Yeni nesil, YouTube ve sosyal medya üzerinden yalnızca içerik tüketmiyor; küresel trendleri belirleyen yaratıcı bir güç olarak popüler kültürü yeniden şekillendiriyor.
Gençlerin popüler kültür üzerindeki etkisi her dönemde hissedilmiştir. Ancak günümüzde genç kuşaklar yalnızca tüketici değil, aynı zamanda yaratıcı bir güç olarak da öne çıkıyor. Youtube’un yakın zamanda yayımladığı 2025 Kültür ve Trendler Raporu’na göre özellikle 14-24 yaş arası bireyler, interneti yalnızca bir eğlence alanı olarak görmüyor; aynı zamanda yaratıcılıklarını sergiledikleri, kültürü şekillendirdikleri ve hatta küresel fenomenler ortaya çıkarabildikleri bir platform olarak kullanıyor. Bu dijital okuryazarlık düzeyi, gençlere önceki kuşakların sahip olmadığı bir etki alanı sunuyor. Nitekim ABD’de yapılan bir araştırmaya göre 14-24 yaş grubundaki bireylerin yüzde 66’sı, kendi kuşaklarının internet üzerindeki sohbetlere yön verdiğini kabul ediyor. Aynı soruya verilen yanıtlar, 25-49 yaş arası yetişkinlerde ise yarının bile altına düşüyor.

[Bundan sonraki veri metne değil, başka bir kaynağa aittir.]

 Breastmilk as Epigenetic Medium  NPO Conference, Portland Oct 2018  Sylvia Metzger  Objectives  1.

Fotoğraf: Alamy Stock Photo
Bugünün gençleri, televizyon dizileri ve filmlerinden çok içerik üreticilerinin videolarına ilgi gösteriyor. Bir araştırmaya göre katılımcıların yüzde 57’si, yeni bir dizi veya filmden ziyade, takip ettikleri içerik üreticilerinin yeni videolarını izlemek için daha heyecanlı olduklarını söylüyor. Bu durum yalnızca bir tercih değil, aynı zamanda kültürel bir dönüşümün işareti.
Deloitte’un 2025 Dijital Medya Trendleri raporu da bu değişimi açıkça ortaya koyuyor: Z kuşağı, televizyon ve filmlere önceki kuşaklara kıyasla günde ortalama yüzde 26 daha az zaman ayırıyor. Buna karşılık sosyal medyada ve kullanıcıların ürettiği içeriklerde yüzde 54 oranında daha fazla vakit geçiriyorlar. Başka bir deyişle gençler her gün yaklaşık 45 dakika daha az televizyon izlerken, bunun yerine 50 dakika fazladan sosyal medya ve video içeriklerine yöneliyor.

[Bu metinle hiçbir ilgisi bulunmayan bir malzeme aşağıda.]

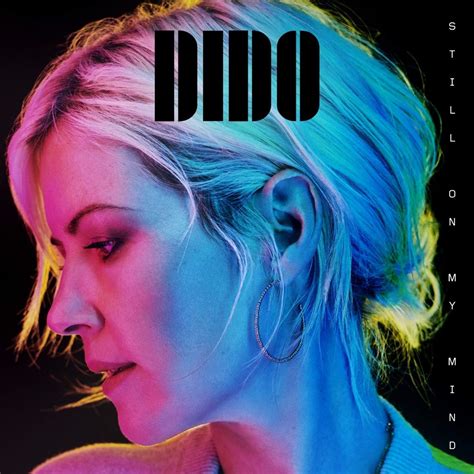 Dido - Still On My Mind | Upcoming Vinyl (March 8, 2019)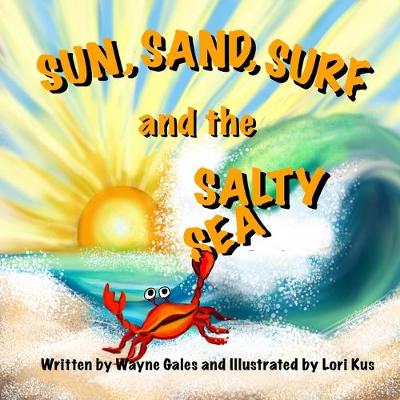 Book cover for Sun, Surf, Sand and the Salty Sea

Bu davranış değişikliğinin en önemli nedenlerinden biri, geleneksel medyanın gençlerin dünyasını yeterince yansıtmaması. Yapılan araştırmalara göre gençlerin üçte ikisinden fazlası, televizyonun sosyal medya, video oyunları, okul ve aile gibi gündelik hayatlarını doğru şekilde temsil etmediğini düşünüyor.
YouTube’un yükselişi ile bugünün gençlerinin büyümesi eşzamanlı ilerledi. Bu nedenle onların kültürel referansları, YouTube ekosistemine derinlemesine bağlı. İçerik üreticileriyle doğrudan kurulan bağlar, hızlı trend döngüleri ve yaratıcı formatlar, onlar için önceki kuşakların televizyon türleri kadar doğal.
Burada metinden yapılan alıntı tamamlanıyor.